Die “Kriegspartei”, so der Experte, würden 10-15 Prozent der Russen unterstützen, vor allem ehemalige Geheimdienstler, Ex-Militärs und Nationalisten, die sich als “radikale Patrioten” bezeichnen. Diese Gruppe habe Putin und den Propagandisten geholfen, die Illusion zu kreieren, dass die Russen den Krieg mehrheitlich unterstützen. Ohne diese Menschen, hätte es die Propaganda nicht geschafft. Nun brauche Putin aber einen neuen Motor, der die Zustimmung antreiben könnte, nicht nur für den Krieg aber auch für ihn selbst. Und er suche nach Wegen, diese Gruppe zu bilden. Das erkläre auch die Inkongruenz seiner neulichen Auftritte. Putin erwecke den Eindruck eines unentschiedenen Menschen in der Garderobe, der unterschiedliche Verkleidungen anprobiere und frage, worin er am meisten gefalle. Denn der russische Präsident habe infolge des Kriegs auch einen weiteren Teil seiner Kernwähler verloren: Frauen in mittlerem Alter und Seniorinnen. Diese Gruppe würde den Krieg in geringerem Maße unterstützen und sich um das Schicksal ihrer Ehemänner und Söhne sorgen. 

Derzeit, so der Soziologe, würden nur wenige Russen daran glauben, dass Russland diesen Krieg gewinnen werde. Gleichzeitig hätten dieselben Menschen ihre Haltung gegenüber Putin nicht grundsätzlich geändert. Ein Teil von ihnen wolle die Position und das Vermögen nicht verlieren, das sie gänzlich Putin verdanken. Andere würden sich vor Putin fürchten, da sie wissen, dass er sie zerstören könne. Sie hätten auch Angst voreinander, denn sie wissen, dass Änderungen im Machtgefüge zu Konflikten und Rangeleien um Einflüsse und Geld führen werden.

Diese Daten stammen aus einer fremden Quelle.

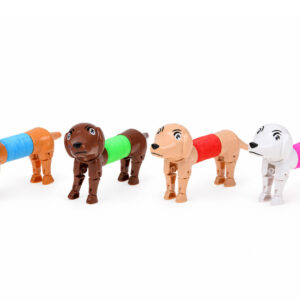 DACHSHUND šuns formos antistresinis ir sensorinis žaislas, tempiamas šuo ZA6634 - Image 7
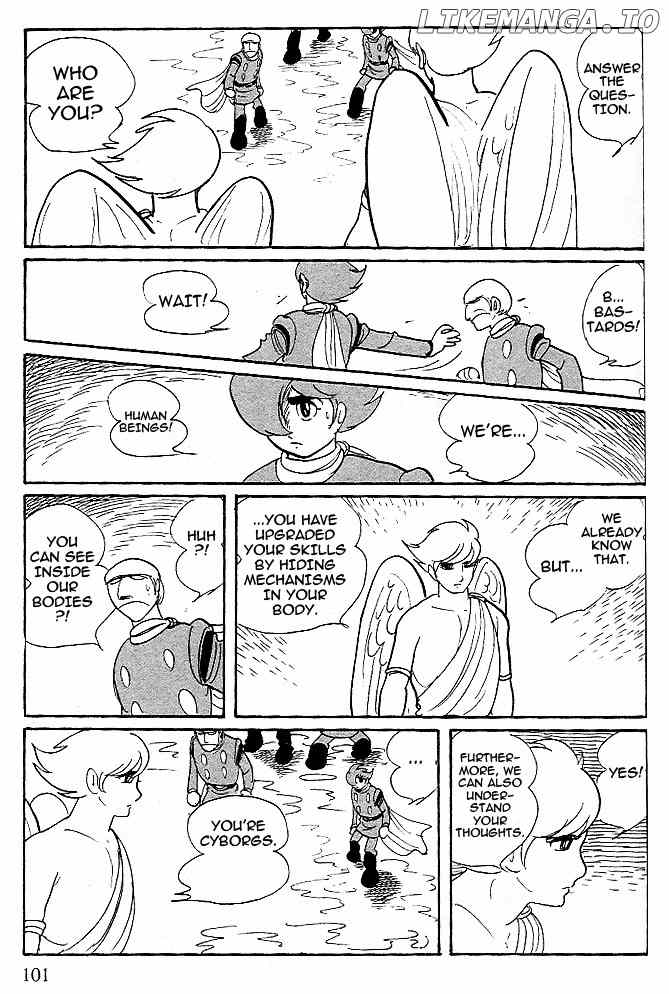 Cyborg 009 - Gold-hen chapter 4 - page 17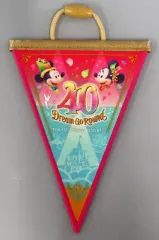 【中古】置物・装飾品 ミッキー＆ミニー(ローズレッド～スカイブルー) ドリームガーランド 「東京ディズニーリゾート40周年 “ドリームゴーラウンド”」 東京ディズニーリゾート限定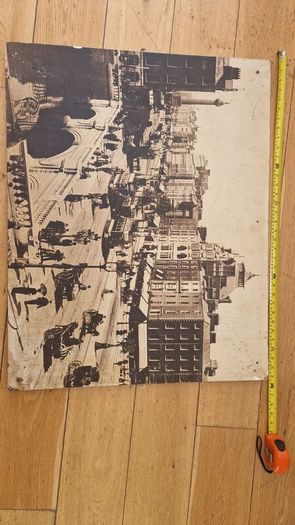 O' Connell St Print c1900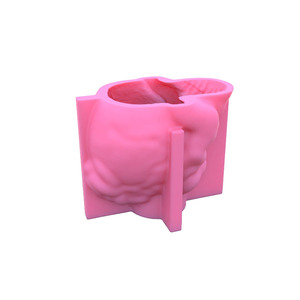 Pot de fleurs en résine en forme de crâne, Pot de fleurs en forme de Rose - Product Image 5
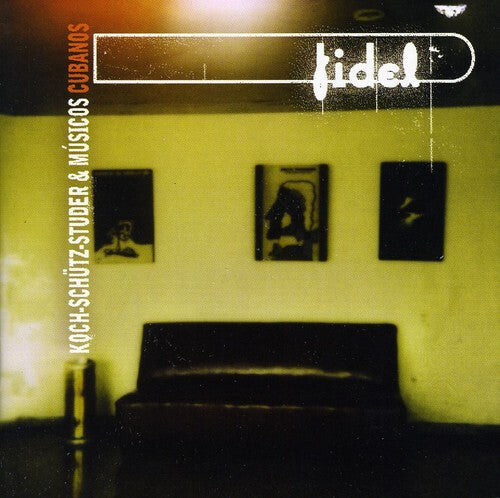 

CD диск Koch / Schutz / Studer: Fidel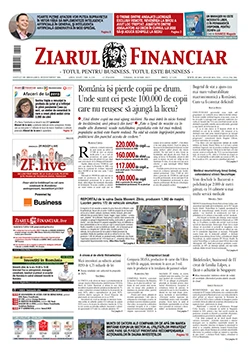 publicare anunt Ziarul Financiar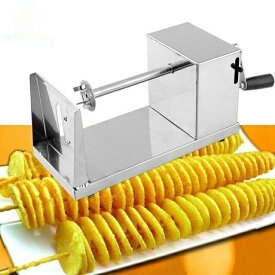 【全品2点で5%OFF】くるくる楽しい ねじねじ トルネード ポテト カッター改 スパイラル 野菜 果物 スライサー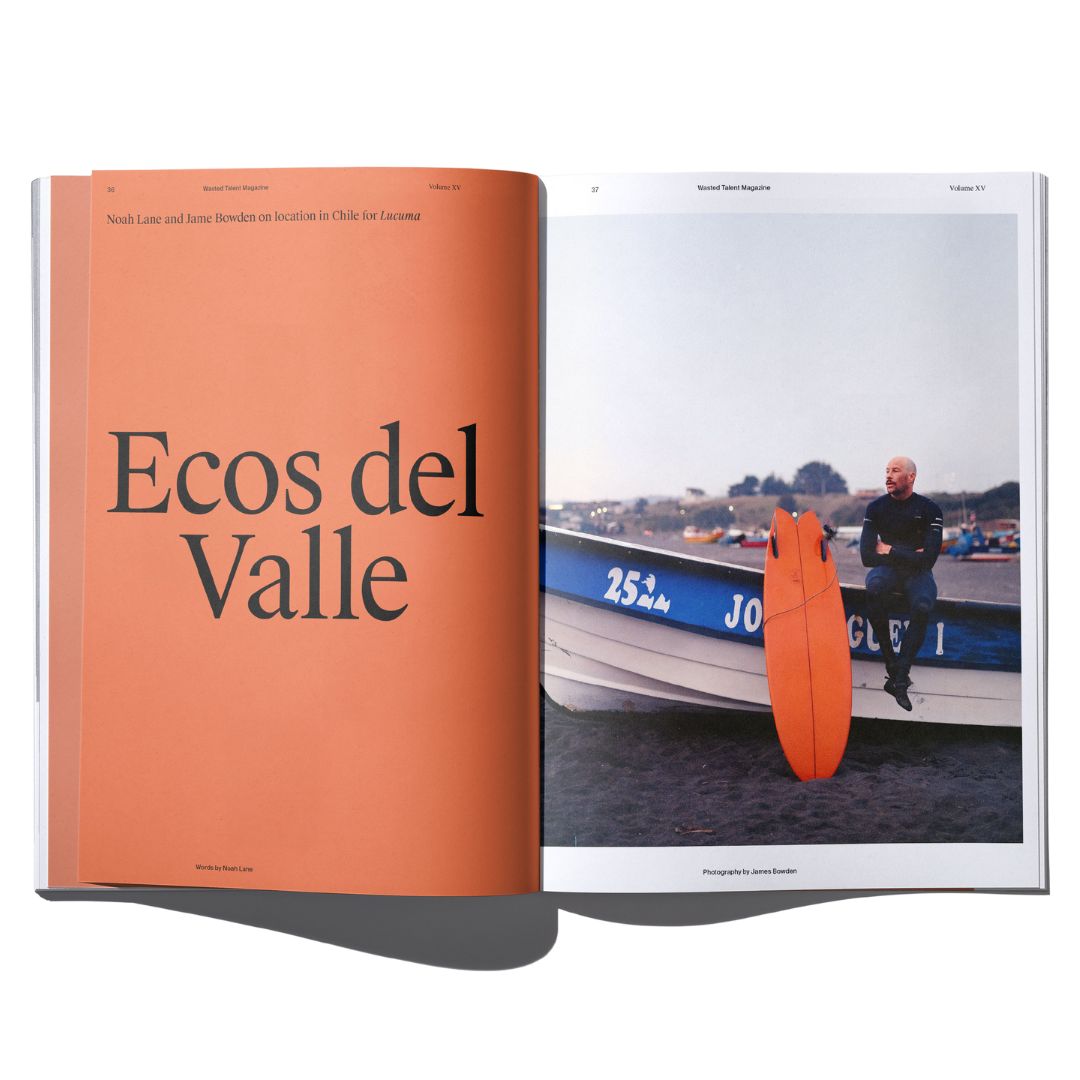 Magazine Vol XV & Wasted Talent Tote Bag - Black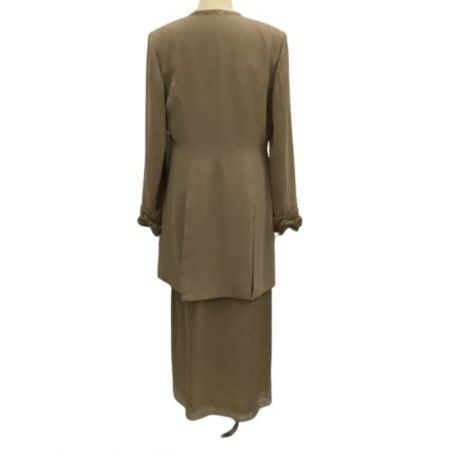  INGEBORG インゲボルグ レディース セットアップ ワンピース  ベージュ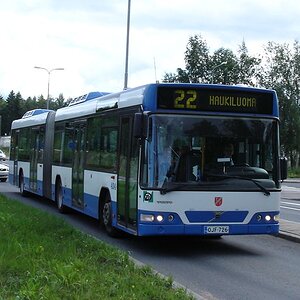 Tampereen kaupungin liikennelaitos 424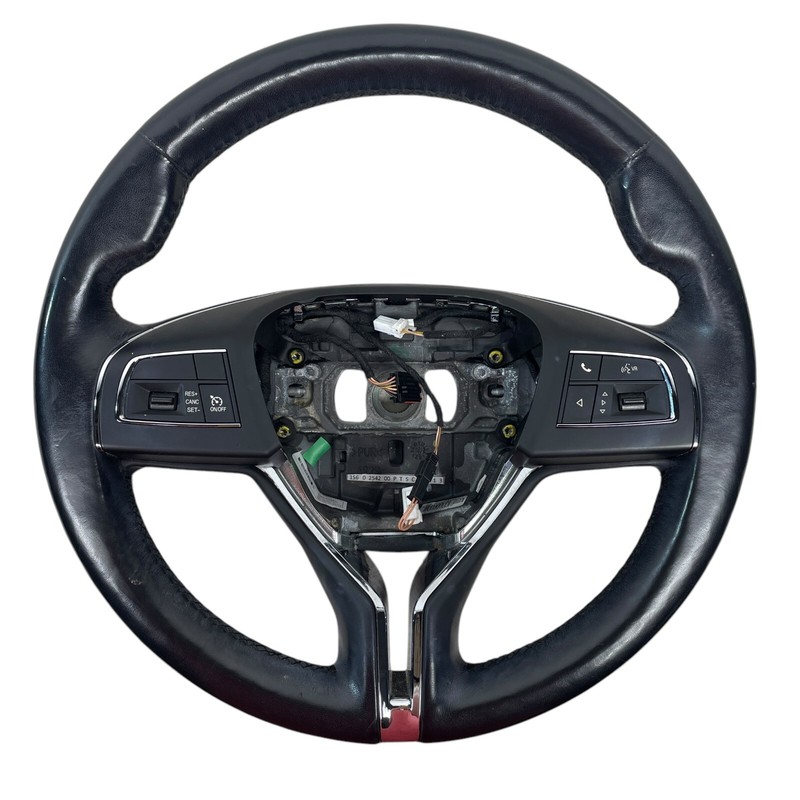 2014-2020 Maserati Quattroporte Ghibli Leather steering wheel multi function OEM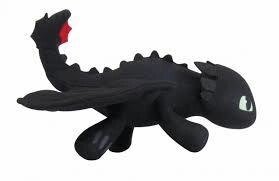 Беззубик из мультика Как приручить дракона 28 см на присоске от компании Интернет магазин детских игрушек Ny-pogodi. by - фото 1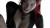 Beautiful Vampiress Vinyl Car Decal Sticker – Waterproof & UV-Resistant 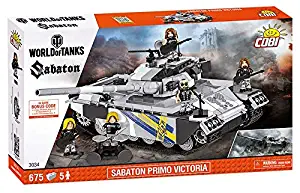 COBI World of Tanks Sabaton Primo Victoria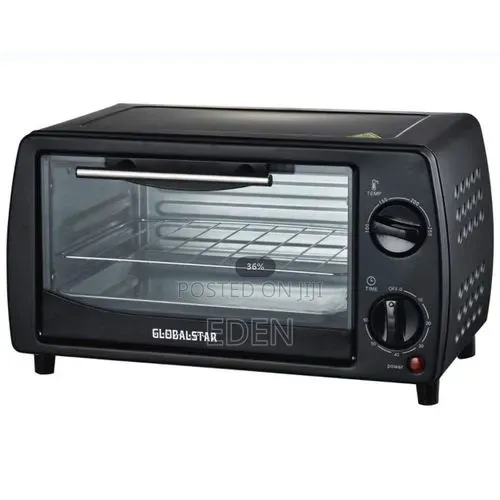 Global Star Microwave Oven,12 Litre - Modle Gs-Ov12 - Black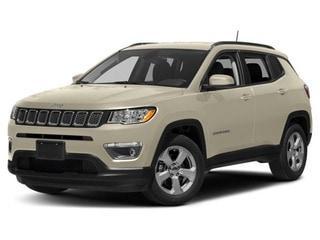 Pearl White Tri-Coat 2018 Jeep Compass Limited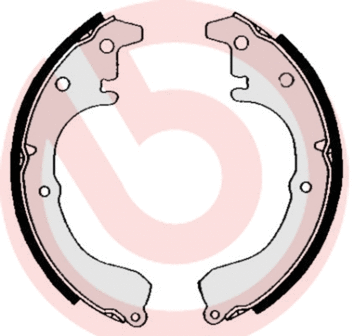 Brake Shoe Set (S 83 501)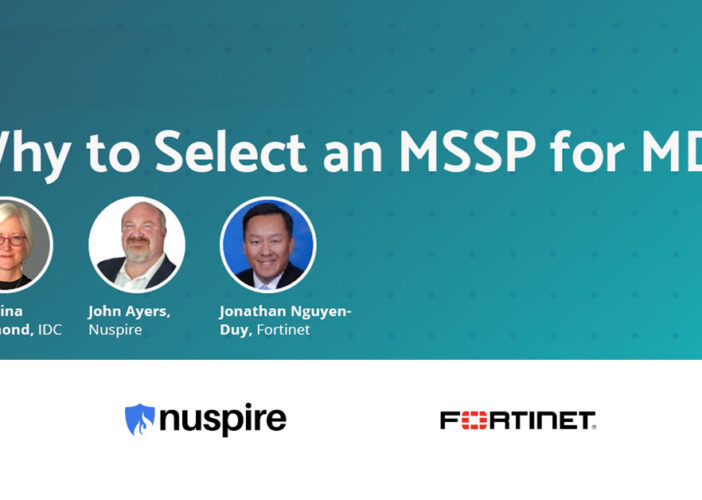 Webinar: MSSP for MDR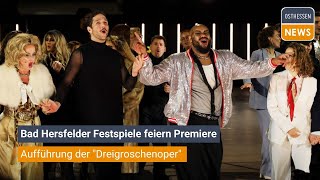 BAD HERSFELD Festspiele feiern Premiere [upl. by Willem]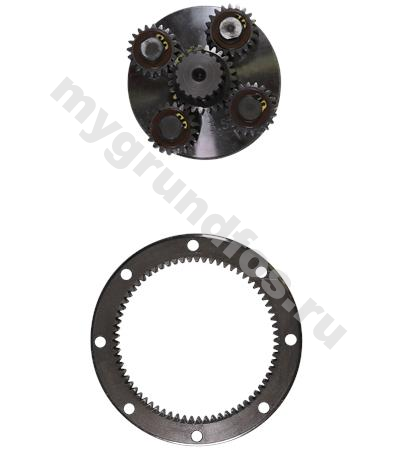 Kit, Gear PG50 i=3.556 Step2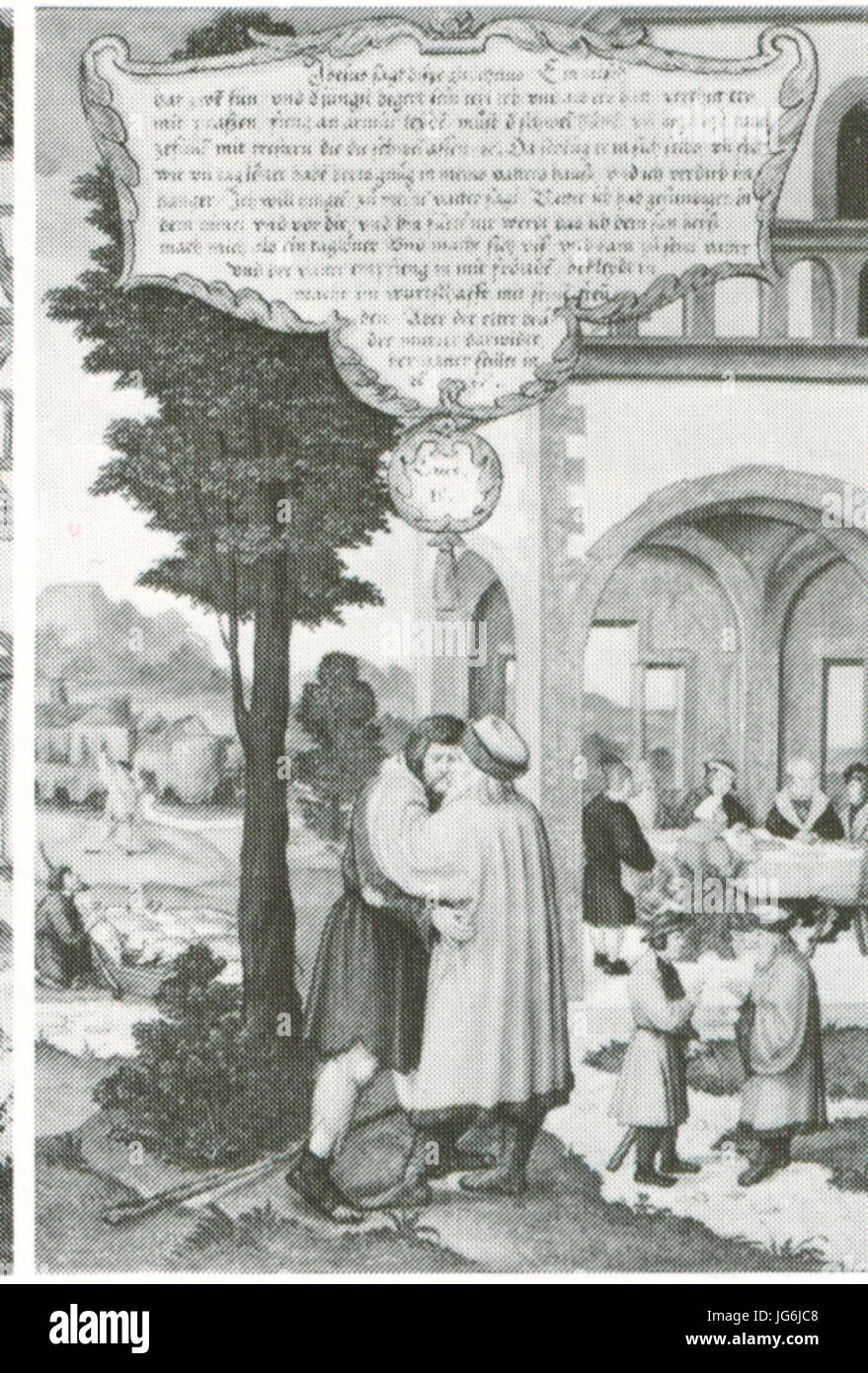 Renaissance C14A-2 Füllmaurer Mömpelgarder Altar21 Stockfoto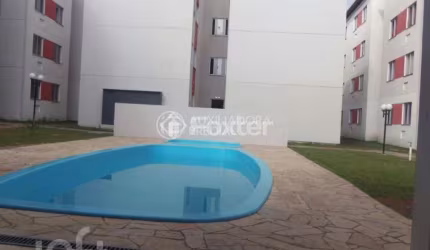 Apartamento com 2 quartos à venda na Estrada Barro Vermelho, 799, Restinga, Porto Alegre, 46 m2 por R$ 170.000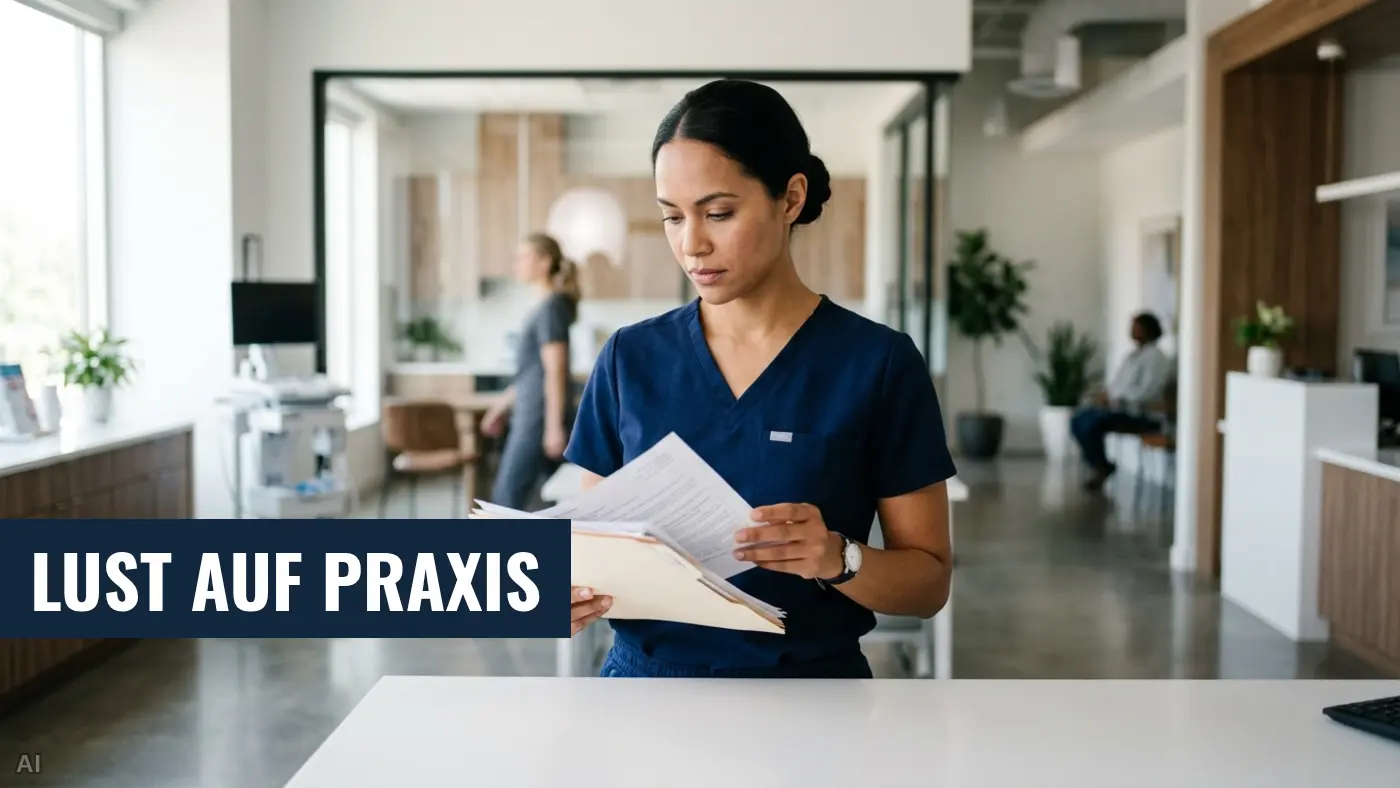 Eigene Praxis im Blick: Viele angestellte Ärzte planen Niederlassung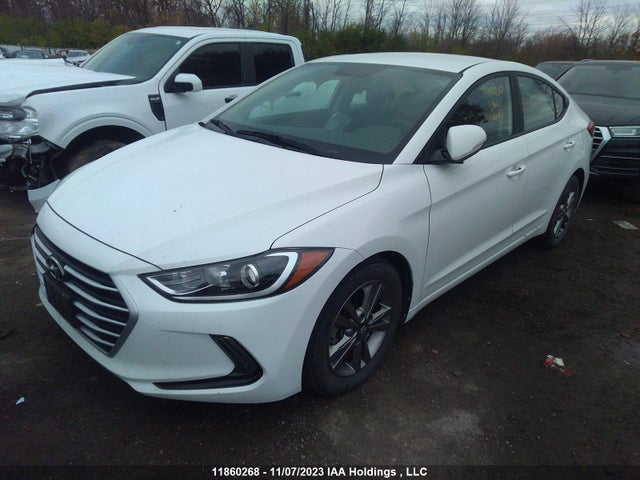 Aukcja sprzedaży 2018 Hyundai Elantra Gl, vin: KMHD84LFXJU690105, numer aukcji: 11860268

Generell, so Prieobrażenski, habe der Großteil der Russen, also 60-70 Prozent den Krieg keinen einzigen Moment lang unterstützt. Das Problem sei, dass dieselbe Mehrheit gleichzeitig nichts getan habe, um den Krieg zu stoppen. Einer Gründe sei ein Mangel an Strukturen, die die Aktivitäten von Regimegegnern koordinieren könnten. Russland brauche etwas, das man mit der polnischen “Solidarność” vergleichen könnte und das den Einwohnern helfen würde, die von der Propaganda geschaffene Illusion zu durchschauen, dass alle um sie herum anders denken. 

Für das kommende Jahr prognostiziert Prieobrażenski, dass Putin erneut eine großangelegte Offensive gegen die Ukraine starten wird. Auch eine weitere Mobilisierungswelle sei so gut wie sicher. Erst wenn die russische Armee im kommenden Jahr eine Niederlage erleide und die Ukrainer die Krim zurückerobern, dann werde man reale Verhandlungsvorschläge von Putin erwarten können. Die Zukunft Russlands sehe er generell in dunklen Farben. Am wahrscheinlichsten sei eine ökonomische und politische Degradation, die viele Jahre dauern könne. Das einzige Plus sei, dass ein Staat, der degradiert, voraussichtlich nicht so aggressiv sein wird, so Iwan Prieobrażenski im Gespräch mit Gazeta Wyborcza.